Chamberlain (1994, p. 186) starts by discussing comparable normal-location models but considers them inadequate for characterizing the conditional wage distribution. In particular, they imply constant covariate slopes across the quantiles, which are at odds with the quantile patterns of industry wage effects he finds. Moreover, and closest to our application, Chamberlain presents differential patterns across industries and relates these to industry-specific residual dispersion. Close inspection of the industry coefficients in Chamberlain (1994, Table 5.4) at different quantiles reveals that even the location-scale model may be too restrictive. A statistical test of the location-scale hypothesis can be based on a Khmaladze transformation, but is only available for uncensored data. Applying a human capital model including occupation dummies to self-reported earnings in the SOEP, the Khmaladze test (Koenker and Xiao 2002) rejects the location-scale hypothesis at the 1% level. The parametric heteroskedasticity of the location-scale model implies the same relative dispersion pattern across occupations regardless of what quantiles we use for our difference metric, and it thereby rules out differential tail behavior in occupations.
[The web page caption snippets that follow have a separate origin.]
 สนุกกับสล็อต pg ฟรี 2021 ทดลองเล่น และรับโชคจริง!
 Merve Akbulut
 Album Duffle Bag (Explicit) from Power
Our dispersion statistic does not require a parametric location-scale model. For example, it can accommodate heterogeneous shock distributions across occupations. In this case, estimates at different quantiles will result in different estimates of relative dispersion across occupations. More generally, (8) measures the effect of our set of occupation groups on all different quantiles while controlling for the dispersion effect of the additional covariates. This gives us a measure of the conditional dispersion effect of each occupation.
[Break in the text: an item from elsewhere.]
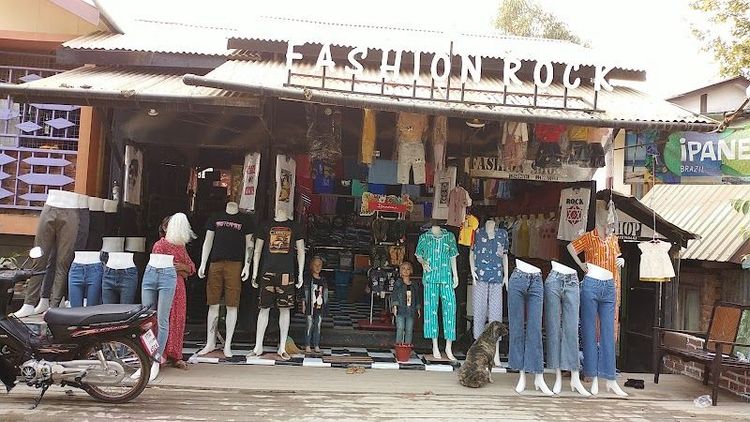 Happy Garden Restaurant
While the linear specification of the conditional quantiles may appear restrictive, a linear quantile model is frequently only intended as a reduced-form approximation, such as for the minimum distance (MD) estimators in Buchinsky (1994, p. 409) and Chamberlain (1994, p. 181).Footnote 4

To evaluate the practical merits of the approach, we carry out a set of Monte Carlo simulations (“Monte Carlo Evidence on Estimation of Dispersion” section in the “Appendix”). We find that compared to conventional approaches, our method is particularly effective for the estimation of dispersion in the presence of interaction effects in variance. For a moderate degree of censoring of 10%, very similar to that in our application, the 10–90 spread obtained from CQR does just as well as when we leave the data uncensored.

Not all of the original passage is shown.